Scarlett Miller (center), Paul Morrow Professor of Engineering Design and Manufacturing in the Penn State College of Engineering, will lead a five-year, $1.4 million grant from the U.S. National Science Foundation to improve the dynamics of student teams to encourage inclusivity and belonging. Credit: Poornima Tomy/Penn State.
Q&A: Can you encourage inclusivity by changing how students work together?
Principal investigator Scarlett Miller discusses new $1.4 million grant from the U.S. National Science Foundation to scale engineering student team dynamics model
Oct 14, 2024
By Mariah Lucas
UNIVERSITY PARK, Pa. — Engineering programs have seen an increase in students from underrepresented communities in recent years, according to Scarlett Miller, Paul Morrow Professor of Engineering Design and Manufacturing in the Penn State College of Engineering (COE), which brings opportunities but also challenges in making sure every student feels valued, supported and empowered.

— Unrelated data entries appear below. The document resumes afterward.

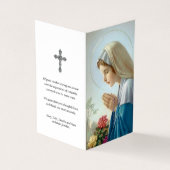 Katholieke Kaarten | Vierge au Chapelet (Buitenkant)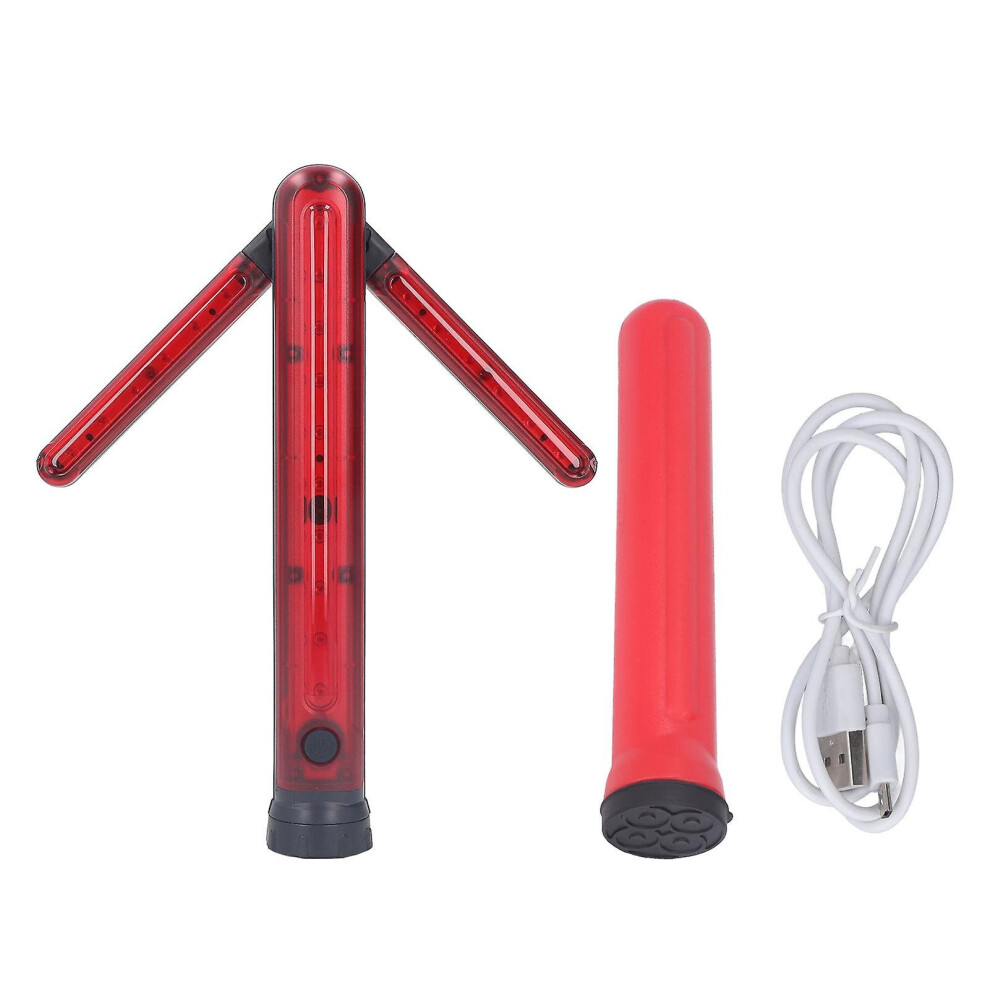 Led Road Safety Flare With Turn Arrow Magnetic Signal Traffic Wand Safety Led Lamp For Road Warning Red/Light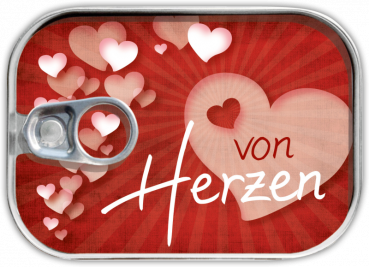 0158 Dosenpost "von Herzen"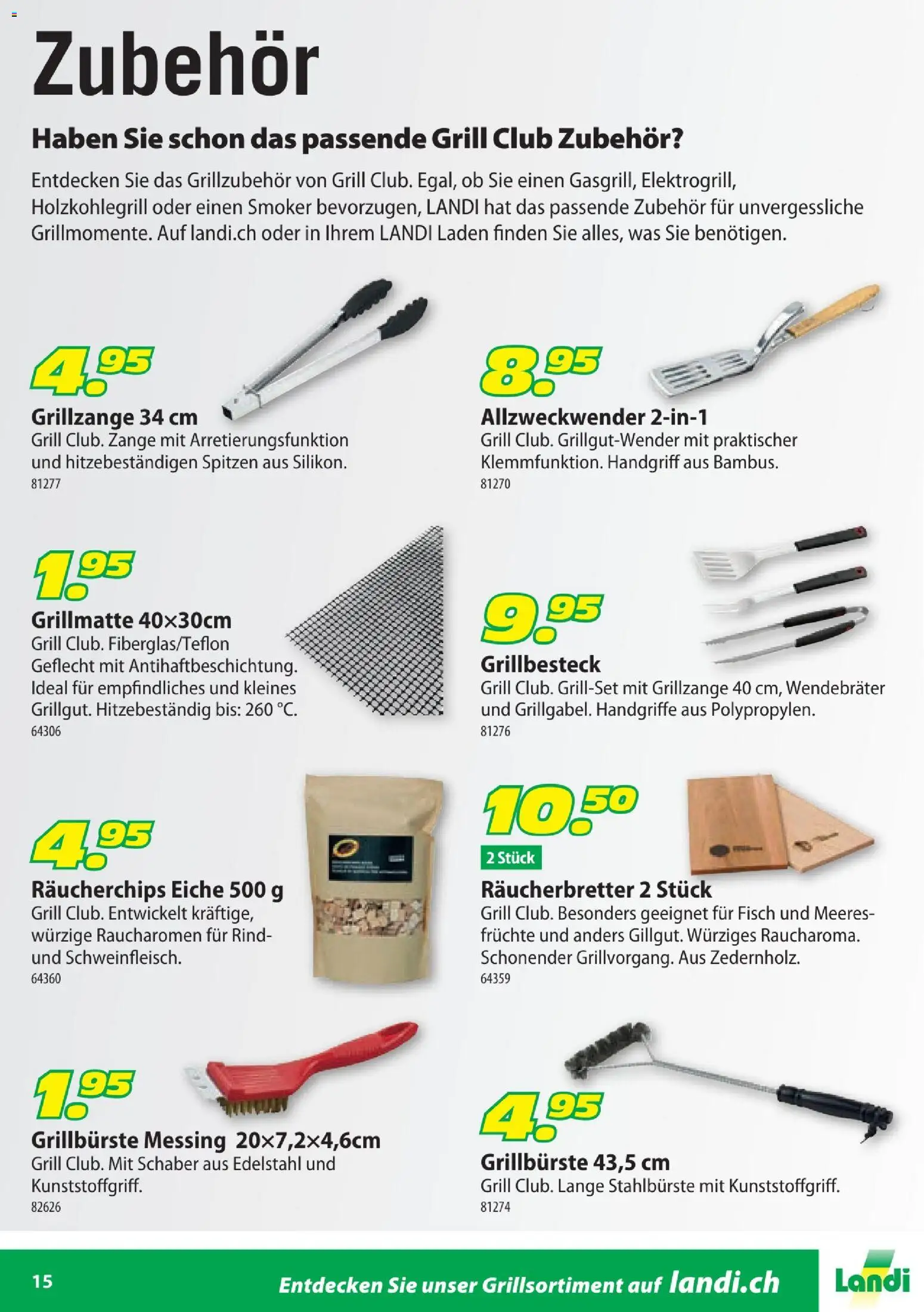 Landi Aktionen Grillmomente – gültig ab 30.01.2026 | Seite: 15 | Produkte: Fisch, Früchte, Grill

An interdisciplinary team of researchers led by Miller was awarded a five-year, $1.4 million grant from the U.S. National Science Foundation (NSF) to develop and scale their inclusive student teaming model to multiple campuses and universities.
Miller will be joined by co-principal investigators Matt Parkinson, director of the Learning Factory and professor of engineering design and of mechanical engineering; Jessica Menold, associate professor of mechanical engineering and of industrial and manufacturing engineering; and Susan Simkins, professor of psychology in the College of the Liberal Arts.
Miller, who also is the inaugural director of Penn State’s Cocoziello Institute of Real Estate Innovation and a special adviser to the senior vice president for research, discussed the findings of the previous grant and her plans to scale it with Penn State News.
Q: This is a continuing grant from the NSF. Can you summarize the work that was accomplished in the first grant?
Miller: In our previous NSF-funded project, we studied over 500 first-year COE students broken into 135 design teams, and identified how team composition, communication patterns and psychological safety — the shared belief that a team is safe for interpersonal risk-taking — affected how teams performed throughout the design process.
We found that teams with higher levels of psychological safety both produced and selected better concepts. We also found that a team’s gender composition mattered — specifically, men reported higher levels of psychological safety compared to women, and women perceived themselves as being less psychologically safe with their male colleagues. These results indicate a clear need for new educational programming around psychological safety, particularly as team diversity increases.
Q: Did your team translate these findings into educational practices?
Miller: We took our findings and developed and evaluated the impact of the Inclusive Teamwork for Engineering Advancement and Learning (INTEGRAL), which has now been integrated within the Penn State cornerstone and capstone design courses through the Learning Factory. To provide students with tangible actions that they could use in their teams, we developed and tested the “four lenses of psychological safety,” which assigns each team member a different role within their team for design activities. We found that teams who received the intervention had significantly higher psychological safety than those with no intervention, and teams who used the lenses more often over the course of the eight-week project had higher levels of psychological safety.
Q: How does this new grant expand this work?
Miller: The new grant will establish scalable findings across multiple campuses and universities. We are collaborating with the Georgia Institute of Technology to understand how best to leverage or modify the INTEGRAL training program to help support learners across Georgia Tech and Penn State, and across diverse campus sizes and locations, including the expansion of the curriculum to the Engineering Technology and Commonwealth Engineering program in the School of Engineering Design and Innovation.
Specifically, the INTEGRAL training will be expanded and scaled to include first-, second-, third- and fourth-year engineering design courses that leverage online learning modules to ensure sustainability across diverse educational environments.
This proposal excites me because it addresses what I perceive to be a critical need in the engineering community: developing validated, sustainable and scalable inclusive teaming models that foster a sense of belonging in undergraduate engineering communities for all students, to include changing how students work together in teams and how faculty engage with and support their students. In all, this work will touch more than 29,000 students at 12 campuses across the East Coast.
Q: What role do your interdisciplinary team members have in the success of the project?
Miller: Training engineers to work well in increasingly diverse teams requires an interdisciplinary lens. Our team will provide multiple lenses on the systems-level problems we’re trying to solve, as well as how these interventions can be integrated into existing educational frameworks.
As part of this grant, we will be working with 140 faculty members across Georgia Tech and Penn State to develop inclusive teaming training that they can facilitate through a train-the-trainer model. We have also partnered with WPSU to develop content, leveraging our multimedia strengths right here at Penn State.